The lease provision then sets forth the procedure for exercising the option. Based upon the stipulation of facts, it is clear that there is no issue of fact as to the language of the purchase CT Page 5818 option or as to the plaintiff's compliance with the procedures under the lease to exercise that option.
The plaintiff contends it is thus entitled to specific performance of the purchase option. In an action for specific performance, it is the plaintiff's burden to prove that it is ready, willing and able to perform its obligations for the exercise of the purchase option. Frumento v. Mezzanote, 192 Conn. 606,616 (1984). This burden continues even if the defendant refuses to participate in the closing. 192 Conn. At 616. Further, since this action is one brought in equity, it is the plaintiff's burden to show its right in equity and good conscience to the relief sought. Cutter Development Corporation v. Peluso,212 Conn. 107, 114-115 (1989).

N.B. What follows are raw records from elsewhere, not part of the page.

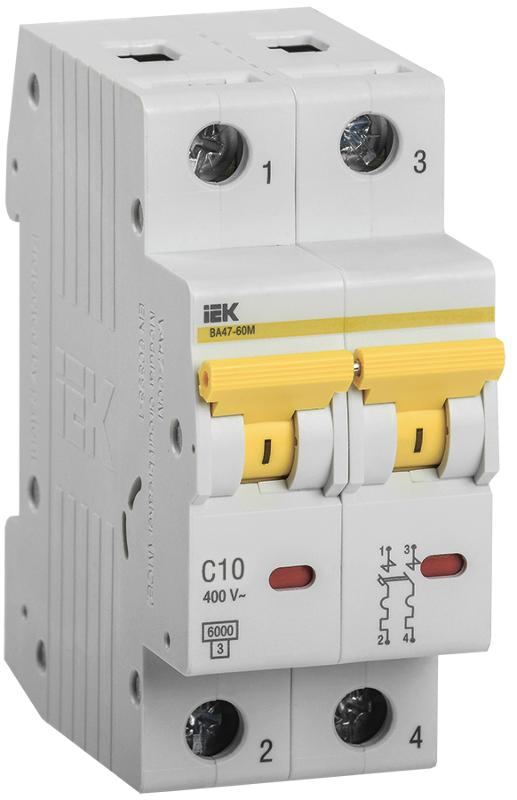 Выключатель автоматический двухполюсный ВА47-60M 2Р 10А 6кА С KARAT | MVA31-2-010-C | IEK — IEK (ИЭК)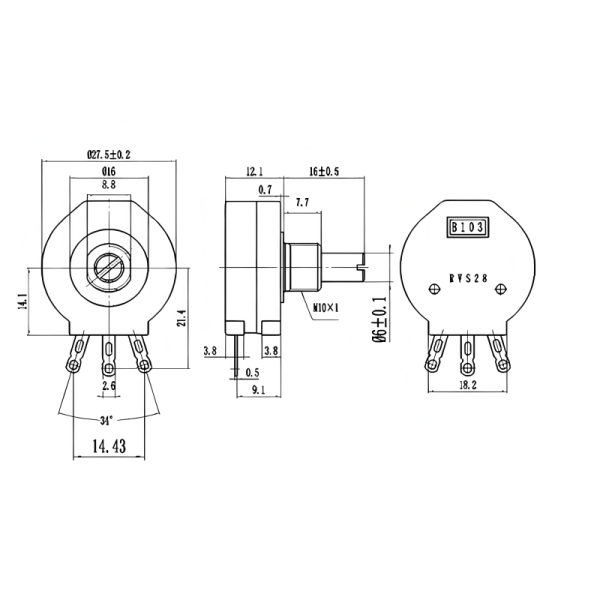 RVS28P Carbon Film Plastic Sealed Insulated Inverter Welding Machine Rotary Potentiometer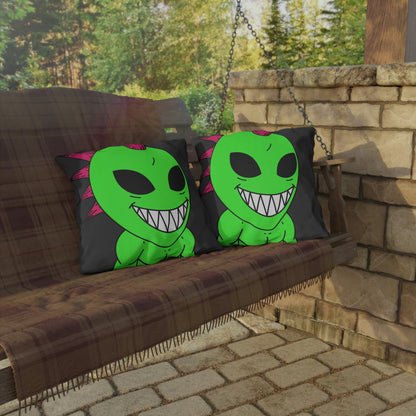 Spiked Pink Hair Muscle Alien Visitor Outdoor Pillows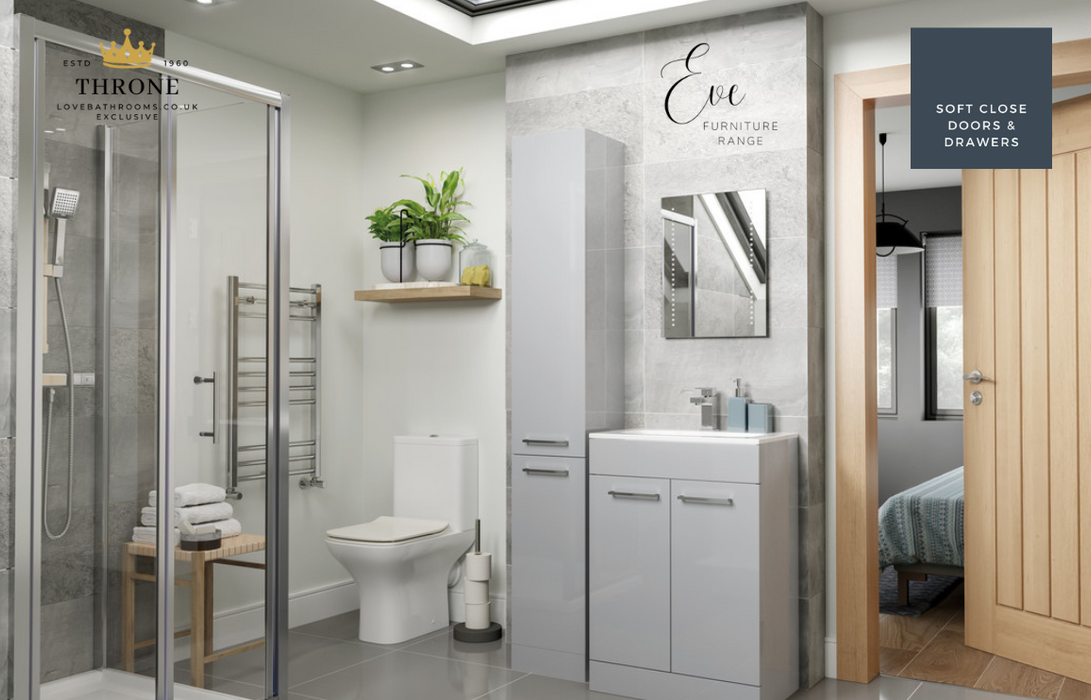 Throne - Eve - 500mm Floor Standing WC Unit - Grey Gloss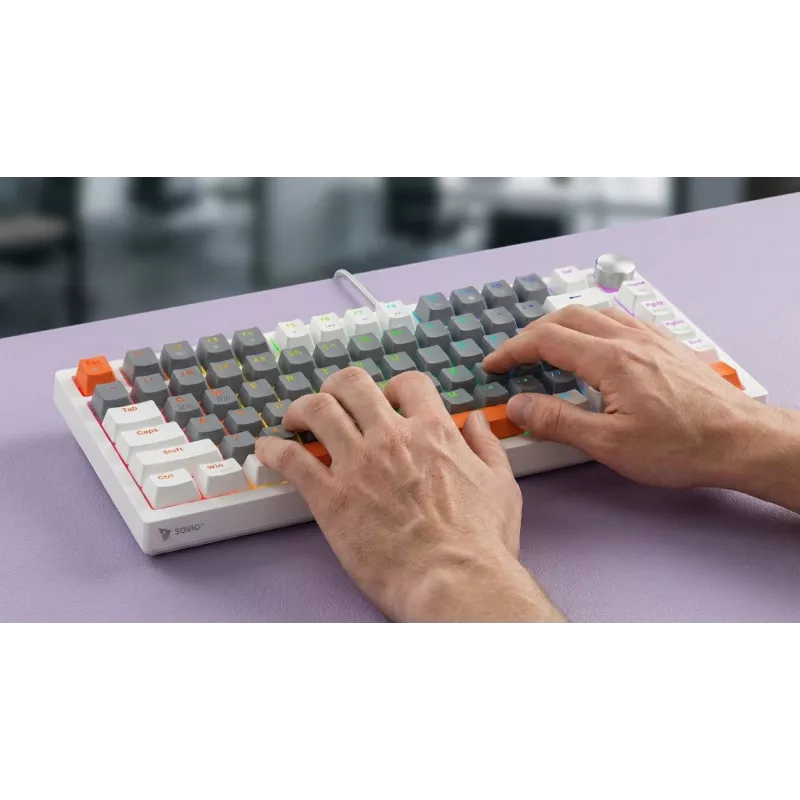 Savio ASTRAL WHITE JADE 3 VÄRVI klaviatuur Gaming USB QWERTY US International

The court finds that the plaintiff has met its burden to show that it has met its obligations of performance under the purchase option contained in the lease. As to its latter burden to show its right in equity, the court will defer that to its discussion of the defendant's claims.
Defendant's Motion for Summary Judgment
The defendant argues that it is entitled to judgment as a matter of law because the purchase option is not binding upon it. Specifically, the defendant claims that because of the court's dismissal of a summary process action between the parties in 1979 the lease between the parties is nudum pactum.1
In Lex Associates v. State of Connecticut, 35 Conn. Sup. 180 (1979), the court granted the state's motion to dismiss because of sovereign immunity. Lex brought the action under C.G.S. §47a-23 seeking possession for the State's default under the lease, specifically, nonpayment of rent. The state filed a motion to dismiss claiming that it was immune from suit. The court granted the motion to dismiss for the following reasons:
The court, therefore, cannot find that there has been a taking of the plaintiff's property in the constitutional sense, nor can it find that the legislature by express wording has authorized a suit against the state, nor can it find that the wording of § 4-128 by necessary implication waives governmental immunity.

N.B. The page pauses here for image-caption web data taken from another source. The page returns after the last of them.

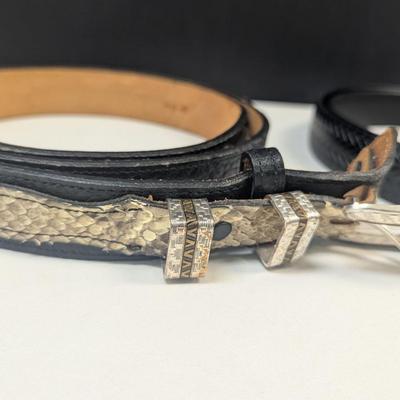 Nocona Brand Leather Belt Size 46 & Black Belt Size 44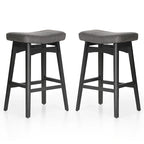 Tabourets de bar 24 pouces en bois massif avec coussin en tissu lin/similicuir, lot de 2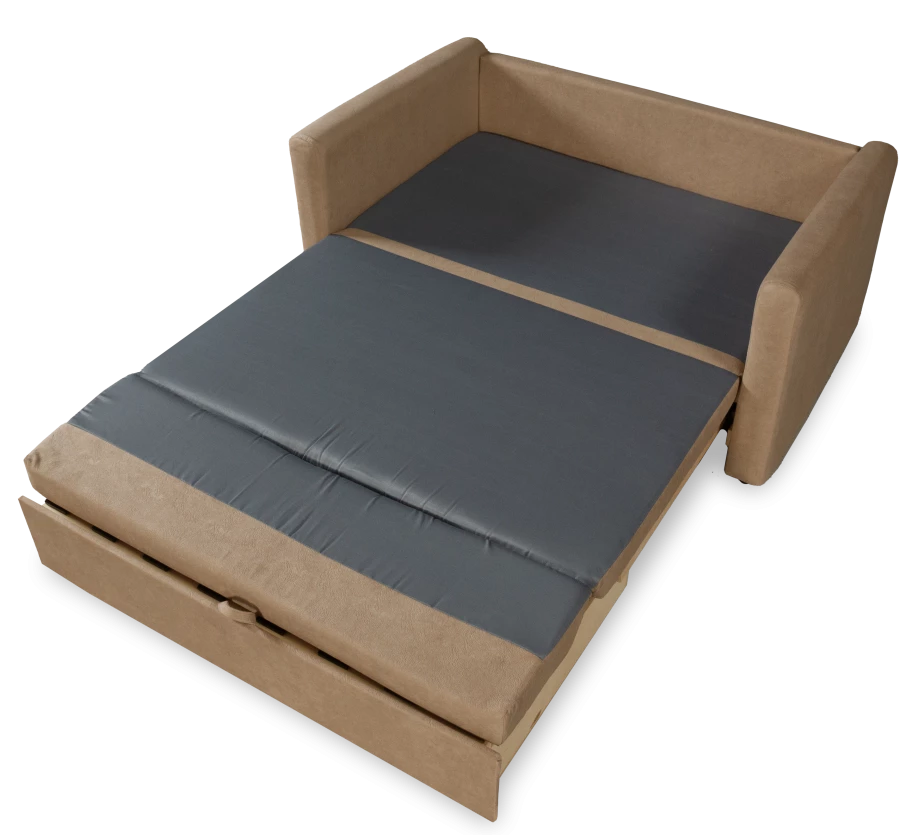 Диван-кровать Юнат 120, раскладной, серо-песочный с мелкими разводами, 142х87х94 см (изображение №6)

The court, therefore, finds that the defense of governmental CT Page 5819 immunity is applicable in this matter and the motion to dismiss the action in summary process is granted.
35 Conn. Sup. At 186.;
In the present action, Lex argues that 1) this prior ruling "holds conclusively that the defendant cannot enforce the State's obligation under the Lease," (Memorandum p. 12); and accordingly, 2) the lease lacks mutuality. It is the State's position that this ruling does not address the obligations under the lease but simply the State's immunity from a summary process action.
Because the court disagrees with Lex's first premise, it does not address the second. The claim that the defendant cannot enforce the state's obligation under the lease is based upon the dismissal of the summary process action on the grounds of sovereign immunity. Because Lex does (and did in 1979) have a remedy to enforce the state's obligations under the lease through the Commissioner of Claims, this claim must fail. It is clear that Lex did not seek permission from the Commissioner of Claims to bring the 1979 summary process action against the State.
In Doe v. Heintz, 204 Conn. Conn. 17 (1987), the Supreme Court reversed an award of attorney's fees against the state because the plaintiffs had not exhausted their administrative remedies by first proceeding through the Commissioner of Claims. The reasoning in Doe explains why Lex's argument fails here.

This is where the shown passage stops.